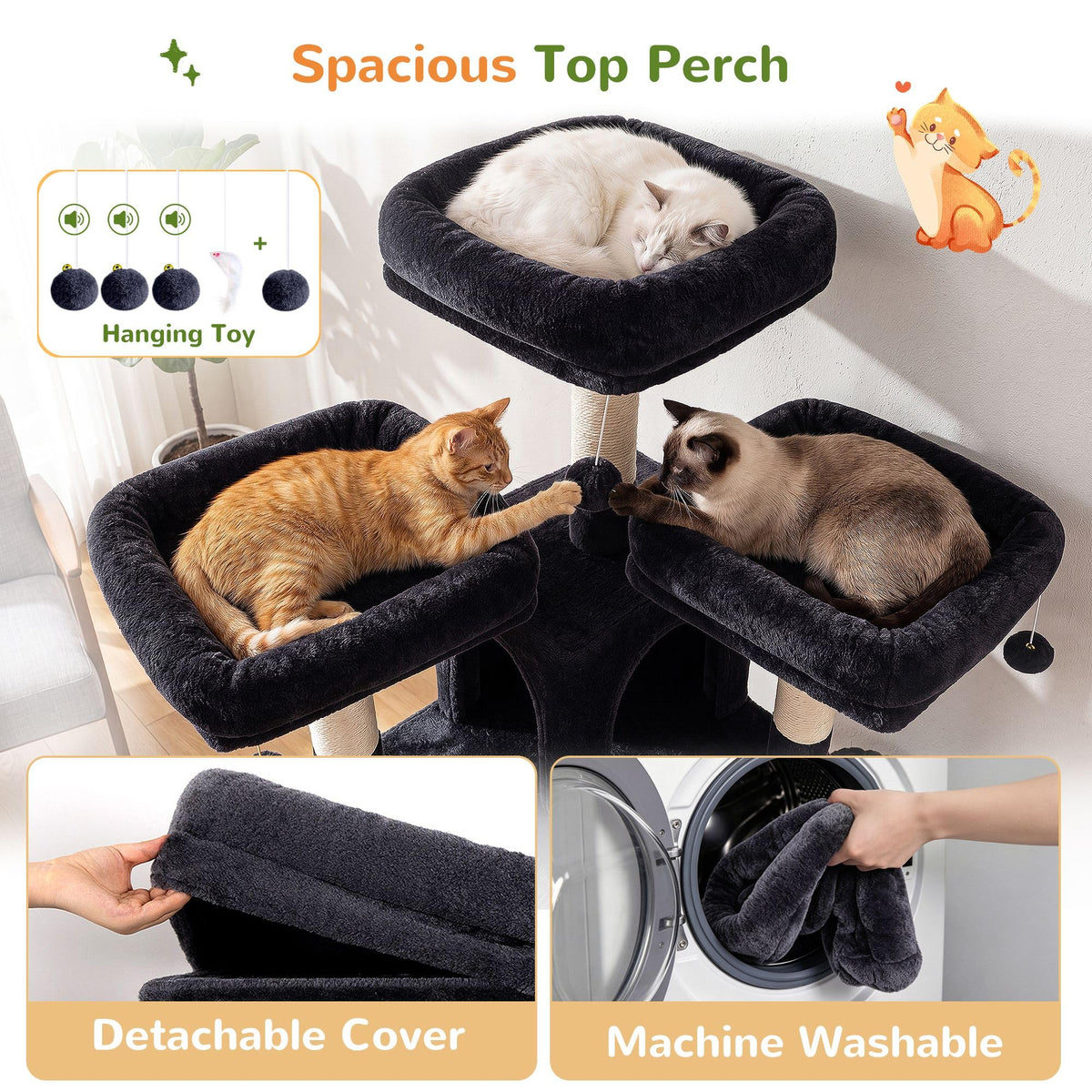 70 Inch Dark Gray Cat Tree with Scratching Post B940584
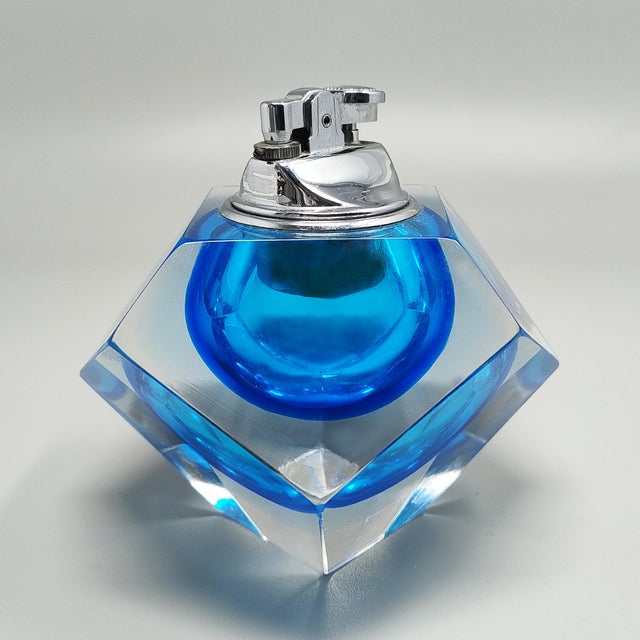 Vintage Table Blue Lighter in Murano Sommerso Glass by Flavio Poli for Seguso, 1960s For Sale - Image 7 of 9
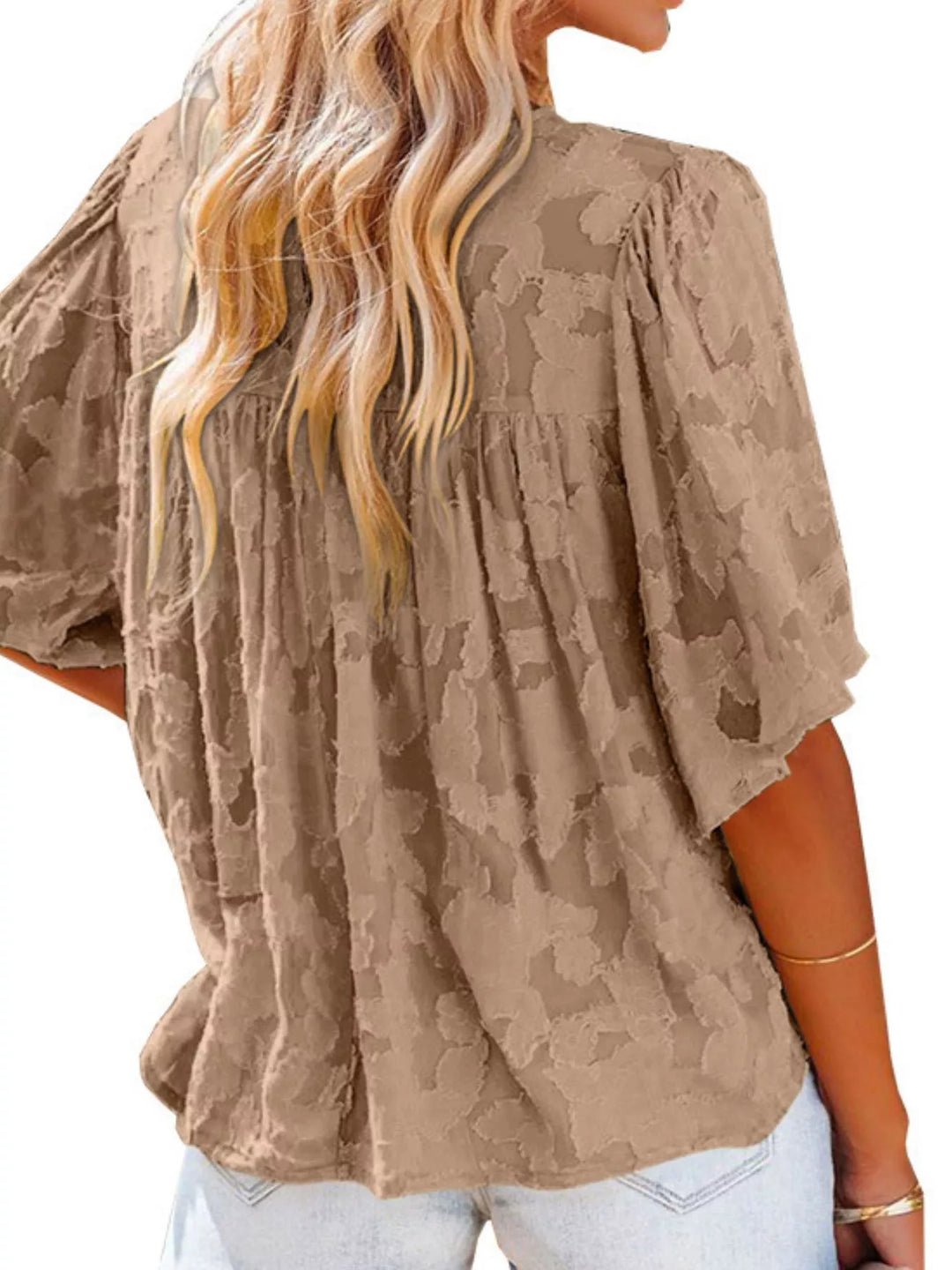Textured V-neck ruffle-trim button-down blouse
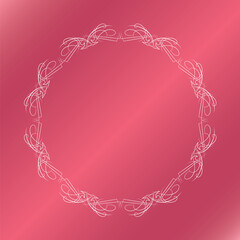 素材_フレーム_春をイメージしたピンクの飾り枠。シンプルで高級感のある囲みのデザイン。字無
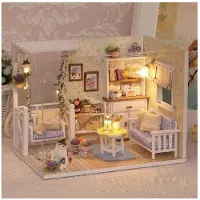 Pricenet DIY Modelbouw Woonkamer - Miniatuurhuisje Kitten Diary 17 cm - Miniatuur Bouwpakket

-- EXERCISE AIM --
Retype all of the entries exactly as written, leaving out any images.

-- COMPLETED TASK --
 70 Inch Dark Gray Cat Tree with Scratching Post B940584
 Vintage Table Blue Lighter in Murano Sommerso Glass by Flavio Poli for Seguso, 1960s For Sale - Image 7 of 9
Textured V-neck ruffle-trim button-down blouse
 素材_フレーム_春をイメージしたピンクの飾り枠。シンプルで高級感のある囲みのデザイン。字無
 Pricenet DIY Modelbouw Woonkamer - Miniatuurhuisje Kitten Diary 17 cm - Miniatuur Bouwpakket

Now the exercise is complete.